The Last Day of Paradise is Kiki Denis's debut novel. Born in Greece, she came to the United States in 1990 to pursue her BA in philosophy and economics at Mount Holyoke College on a full scholarship. She then went to Exeter, England to complete an MA in psychology before settling in New York City in 1997. There she began writing short stories, poetry, and this novel. She is currently working on her second novel, Noble Silence, and a poetry collection entitled The Cycle of Consciousness.
The language of The Last Day of Paradise is unique - sometimes funny, often jarring and disconcerting. Sometimes writers who choose to write in their second language are particularly good at capturing the voice of a second language learner. Denis tries to do that in this novel with Sunday. Just a few pages in, Sunday says that she is sure by now "you got a feeling that the language I am using here is not my mother/first tongue." She uses Greek during the day and English at night. And just in case the reader finds something weird about her use of language, she says: "'cause of this overworking situation, I may often use your language irrationally, inappropriately, over-loosely, but please spare the sweat..."
It's difficult to say whether Sunday's voice fails to convince because the second language aspect is not captured successfully, or because the author simultaneously attempts to capture teen-speak. The teen-speak is at times convincing, capturing the raw cynicism of modern Greek teen culture. I suspect it is the combination that proves ultimately too much for Denis to manage with consistency.
What's nice about the use of English in this novel is that it is not just Kiki Denis choosing to write a Greek story in English for the benefit of anglophone readers.
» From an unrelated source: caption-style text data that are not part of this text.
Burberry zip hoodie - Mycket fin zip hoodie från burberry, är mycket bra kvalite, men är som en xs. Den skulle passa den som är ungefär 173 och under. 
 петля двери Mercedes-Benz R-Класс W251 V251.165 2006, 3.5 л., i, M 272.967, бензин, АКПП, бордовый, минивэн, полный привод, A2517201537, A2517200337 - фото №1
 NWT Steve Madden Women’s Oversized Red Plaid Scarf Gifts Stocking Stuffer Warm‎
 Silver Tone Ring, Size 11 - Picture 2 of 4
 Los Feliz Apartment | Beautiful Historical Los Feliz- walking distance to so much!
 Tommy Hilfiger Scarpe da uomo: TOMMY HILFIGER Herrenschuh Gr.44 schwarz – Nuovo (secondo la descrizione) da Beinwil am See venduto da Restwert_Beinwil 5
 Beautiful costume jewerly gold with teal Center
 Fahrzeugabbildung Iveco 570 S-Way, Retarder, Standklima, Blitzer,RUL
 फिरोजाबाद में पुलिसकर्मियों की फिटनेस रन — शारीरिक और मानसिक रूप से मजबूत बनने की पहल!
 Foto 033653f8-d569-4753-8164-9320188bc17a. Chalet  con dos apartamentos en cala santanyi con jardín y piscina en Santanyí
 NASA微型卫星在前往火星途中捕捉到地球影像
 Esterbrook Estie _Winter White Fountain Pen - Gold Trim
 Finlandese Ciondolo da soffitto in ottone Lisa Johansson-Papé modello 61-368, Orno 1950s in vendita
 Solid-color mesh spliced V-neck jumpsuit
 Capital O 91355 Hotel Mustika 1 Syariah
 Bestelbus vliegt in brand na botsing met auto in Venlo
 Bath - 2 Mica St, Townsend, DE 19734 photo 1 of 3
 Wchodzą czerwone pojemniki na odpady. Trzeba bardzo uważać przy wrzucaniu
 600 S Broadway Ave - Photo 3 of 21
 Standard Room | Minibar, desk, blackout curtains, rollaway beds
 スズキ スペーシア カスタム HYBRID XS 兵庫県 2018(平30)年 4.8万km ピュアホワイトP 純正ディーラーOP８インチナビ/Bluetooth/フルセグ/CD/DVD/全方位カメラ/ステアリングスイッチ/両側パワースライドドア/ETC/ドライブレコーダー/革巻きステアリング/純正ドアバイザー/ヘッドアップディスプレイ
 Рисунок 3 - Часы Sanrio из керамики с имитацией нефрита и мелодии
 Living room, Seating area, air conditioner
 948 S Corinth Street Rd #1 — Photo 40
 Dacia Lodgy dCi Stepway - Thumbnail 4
Rather, it is written in English because Sunday, the young narrator of the story, likes to use English with her friends and chooses also to write about her experiences in English. Sunday and her clique use English as a sort of code language amongst themselves, a language most of the adults don't understand.
The real difficulty with the use of language in this novel comes through a lack of consistency and the overuse of certain words. When the author attempts to capture darker or more serious subject matter, the language tends to become more conventional, more regular. At these times, especially (though not exclusively) when the focus is on the older generations, the novel reads like good fiction and becomes rather engaging. Then, as if the author suddenly notices that she's slipped out of both the second language and the teen voice, one of those overused words, like "mega," appears, jolting the reader clean out of the narrative.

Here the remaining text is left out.